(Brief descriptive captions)
_____
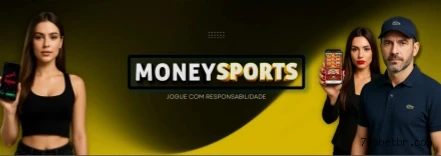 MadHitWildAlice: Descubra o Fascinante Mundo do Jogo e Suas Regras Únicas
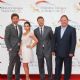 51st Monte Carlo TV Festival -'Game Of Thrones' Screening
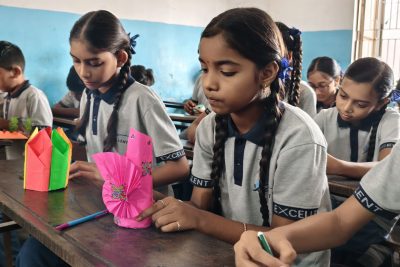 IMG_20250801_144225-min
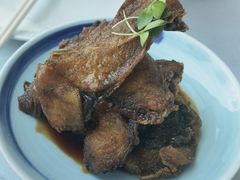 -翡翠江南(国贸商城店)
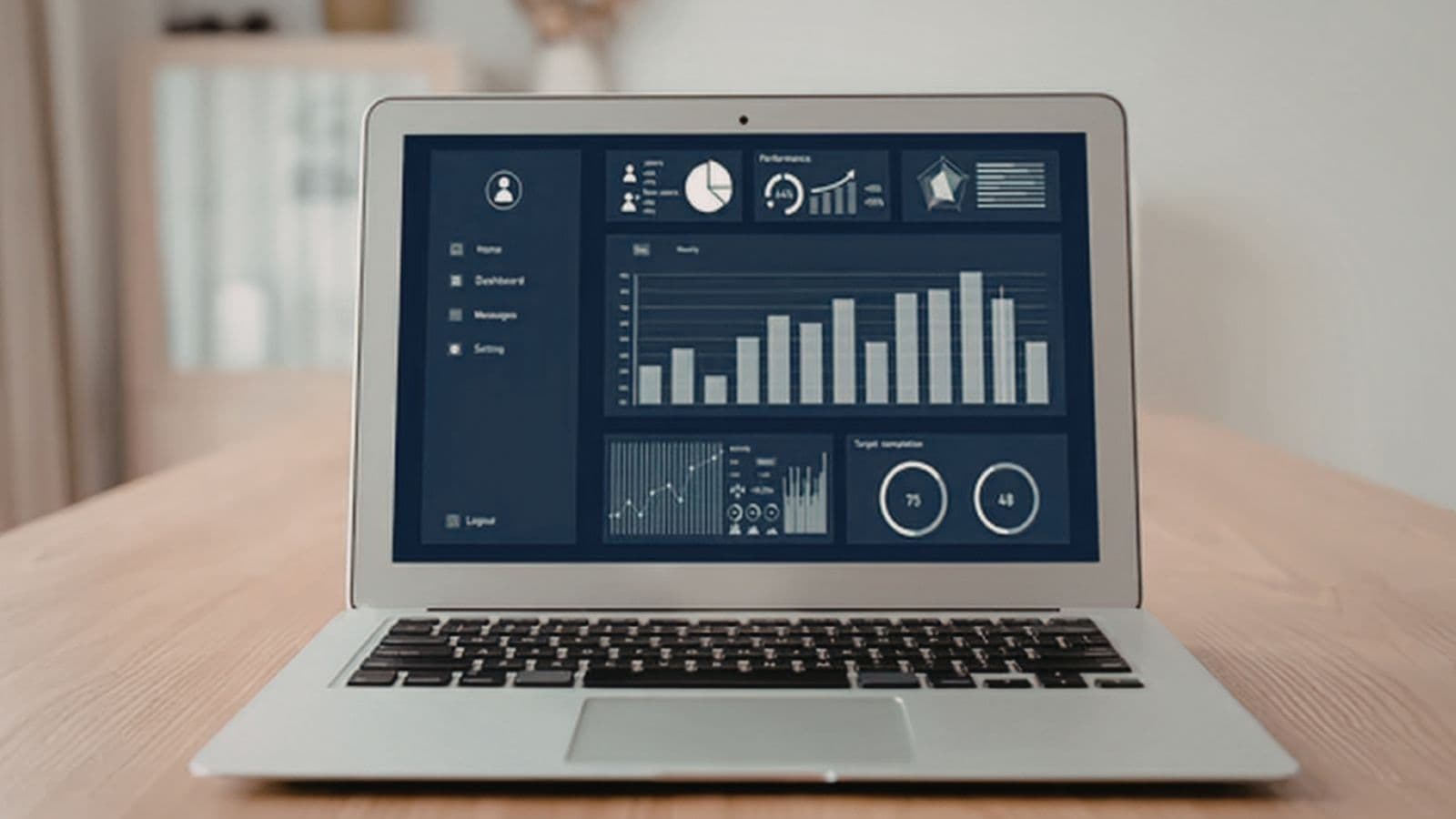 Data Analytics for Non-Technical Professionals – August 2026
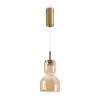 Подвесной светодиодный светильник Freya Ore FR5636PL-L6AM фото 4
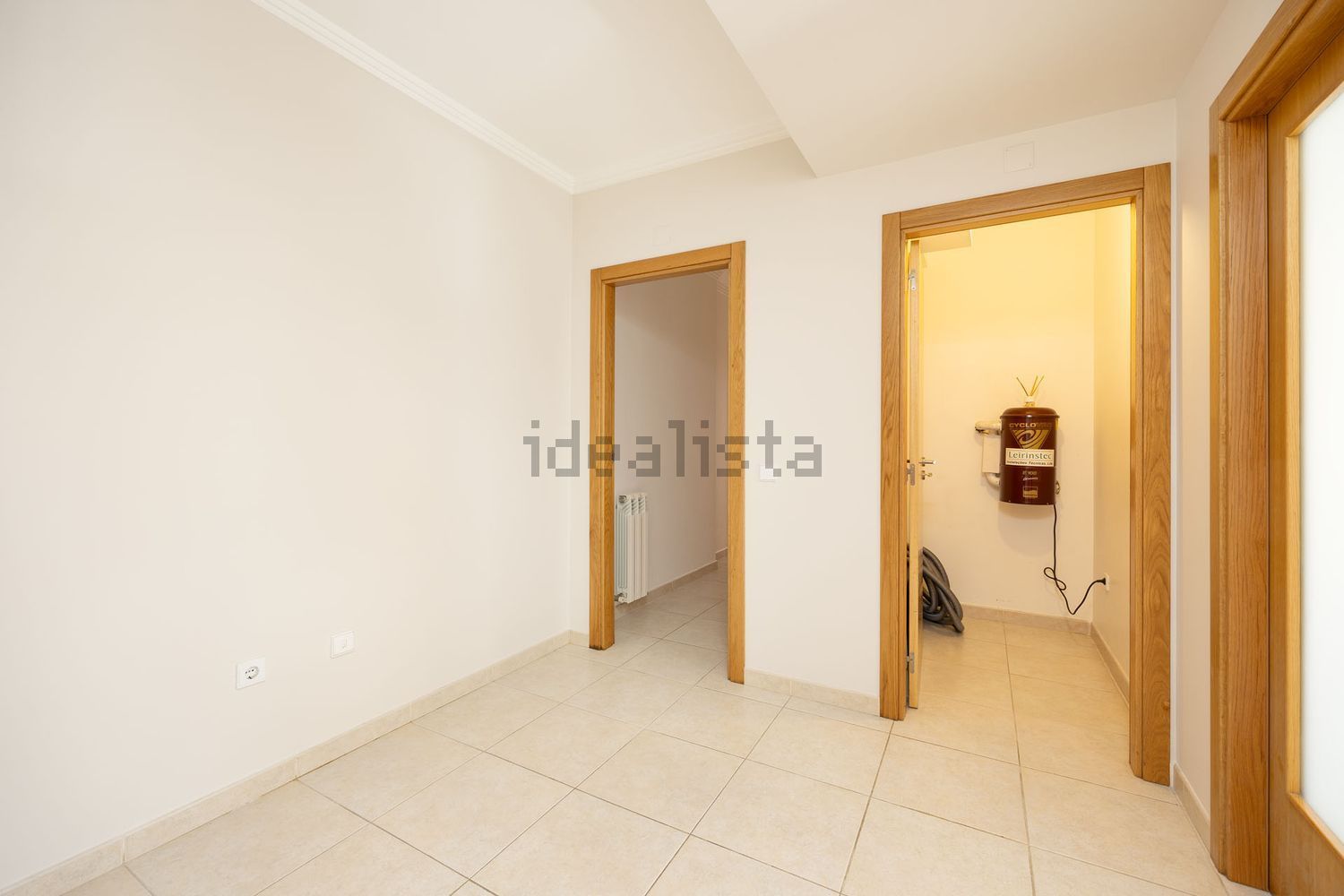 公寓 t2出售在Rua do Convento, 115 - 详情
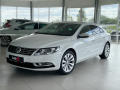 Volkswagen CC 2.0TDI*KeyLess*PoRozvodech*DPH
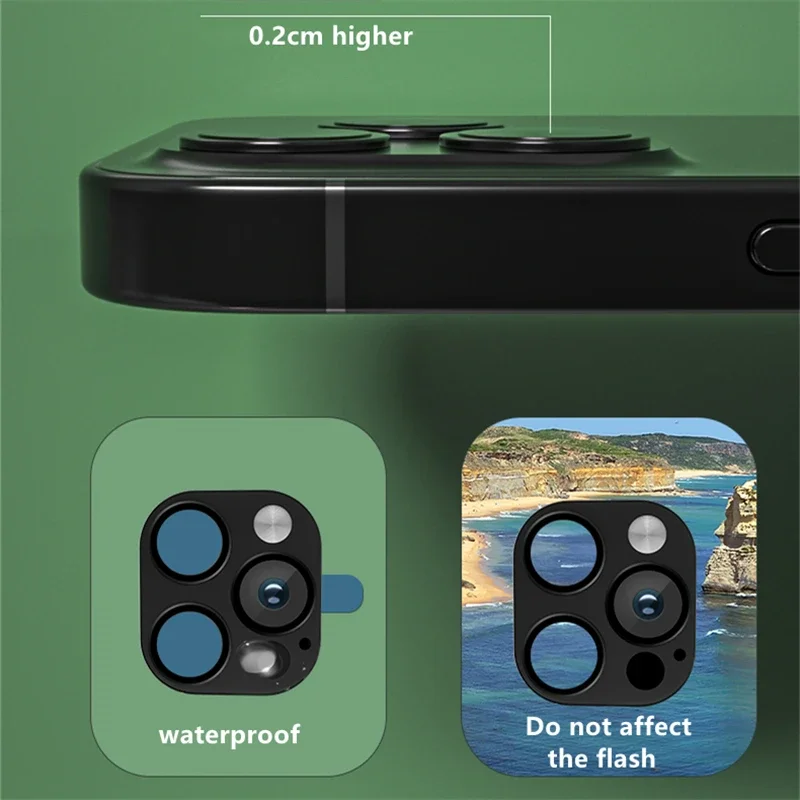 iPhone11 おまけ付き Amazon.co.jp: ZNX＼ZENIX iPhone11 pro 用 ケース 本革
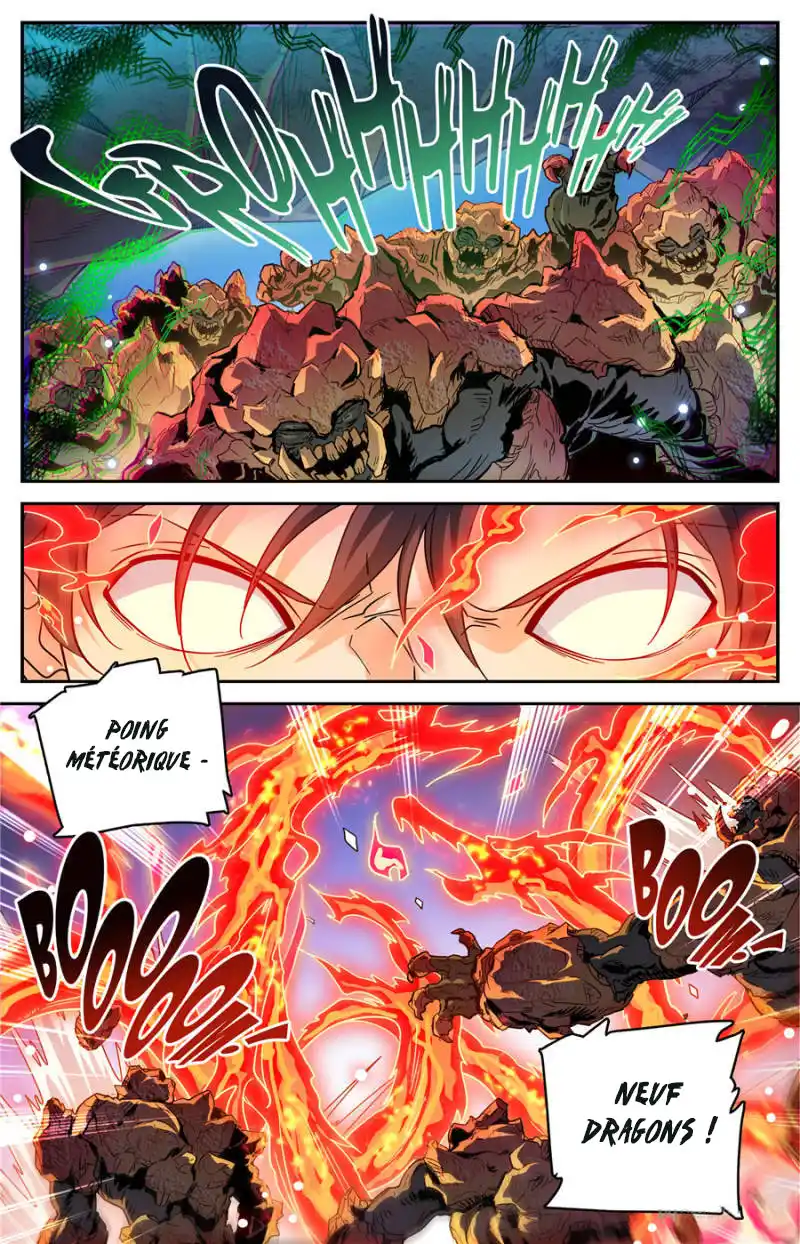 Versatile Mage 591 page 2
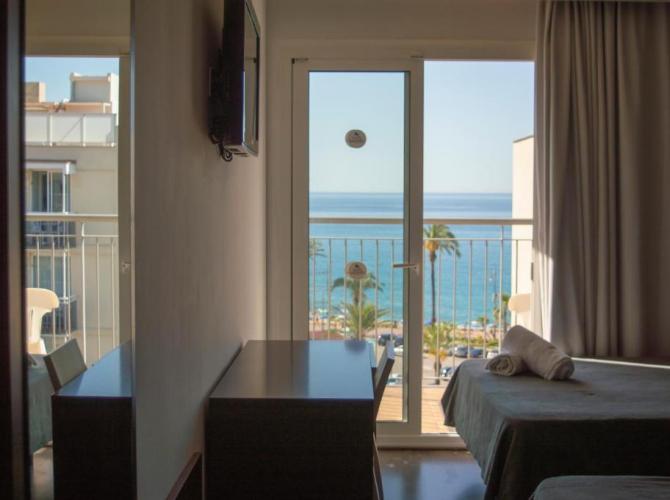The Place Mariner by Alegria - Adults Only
_____
◆ What you are asked to do: Write out nothing but the lines from the one with "公寓 t2出售在Rua do Convento, 115 - 详情" through the last line of the entries, exactly as they stand; pictures are not part of the copy.

◆ Your response:
 公寓 t2出售在Rua do Convento, 115 - 详情
 Volkswagen CC 2.0TDI*KeyLess*PoRozvodech*DPH
 iPhone11 おまけ付き Amazon.co.jp: ZNX＼ZENIX iPhone11 pro 用 ケース 本革
 Versatile Mage 591 page 2
The Place Mariner by Alegria - Adults Only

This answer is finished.